Which attacks have become record-breaking

The number of hacker attacks on the network infrastructure of Russian retail increased significantly in late February and early March, cybersecurity companies told Izvestia. So, according to StormWall, only in the period from February 15 to February 25 they increased the capacity of their requests three times compared to the same period last year.

"For retailers, this meant that the actions of intruders could lead to the failure of payment gateways and make it impossible to place orders. The number of "probing" attacks lasting up to 15 minutes has also increased significantly — by nine times," the experts noted.
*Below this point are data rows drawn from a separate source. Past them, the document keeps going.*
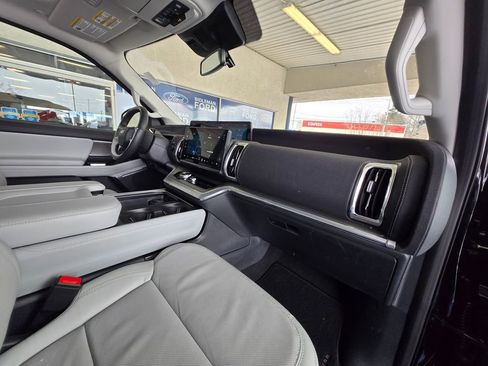 Used 2025 Ford Expedition Platinum image 28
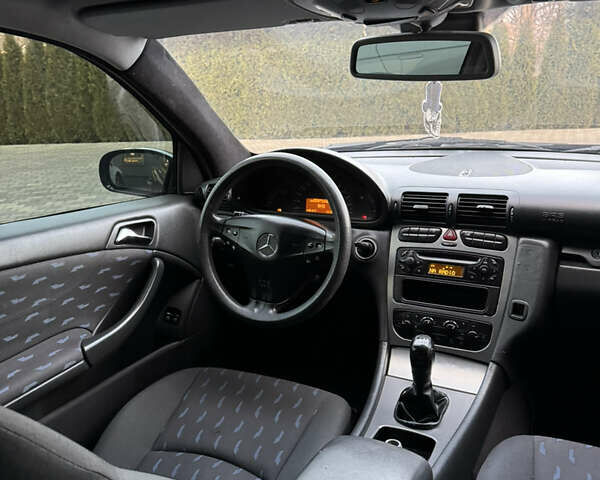 Синий Мерседес Ц-Класс, объемом двигателя 2 л и пробегом 180 тыс. км за 4444 $, фото 29 на Automoto.ua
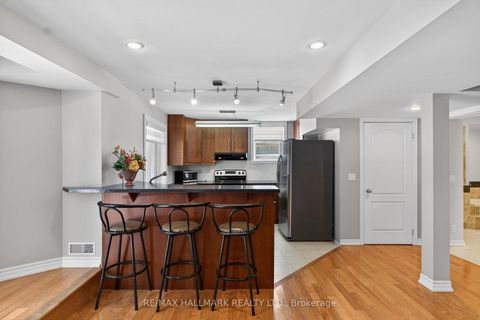 Photo 37 at 372 Crofters Road, Islington Woods, Vaughan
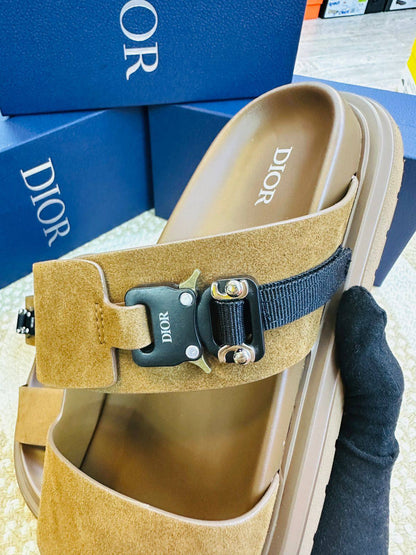 Dior
Master
Size 40-46 
210 dhs🪙🌨️

Zain132
♥️♥️♥️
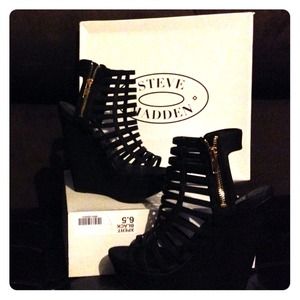 Black wedges: STEVE MADDEN nwot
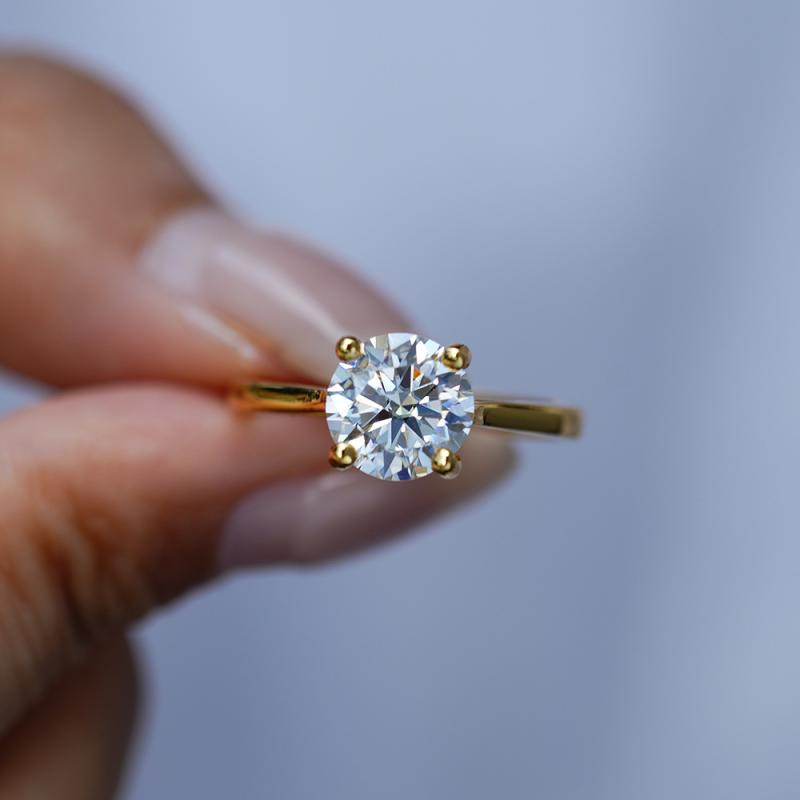 指輪 レディース 円形 モザナイト 4爪留め 18K金メッキ 925スターリングシルバー ベース ラウンド スト..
A 1.9-fold jump also occurred in the segment of medium-duration attacks, which are conducted for 12-24 hours. Hackers are increasingly resorting to resource depletion tactics in an effort to disable retail platforms for a long time. This creates the risk of disrupting delivery and order processing.

In 2026, the number of attacks using botnets — networks from a variety of infected computers and other Internet-connected devices - also increased significantly. If in 2025 the largest botnet contained 2.36 million IP addresses, then on the eve of February 23, an attack using more than 3.5 million was recorded, and on March 8, 6.97 million infected devices.

DDoS attacks, which Russian retailers are exposed to, have also become much more destructive in 2026.

"Terabit attacks have become a harsh reality for online stores,— said StormWall analysts. — The maximum attack power at the network level increased by 129% during this period, to 2.08 Tbps. Under such conditions, even large marketplaces can be completely cut off from customers in seconds. Another trend is that the number of powerful attacks (over 100 Gbit/s) on retail on March 8 has increased almost 10-fold this year."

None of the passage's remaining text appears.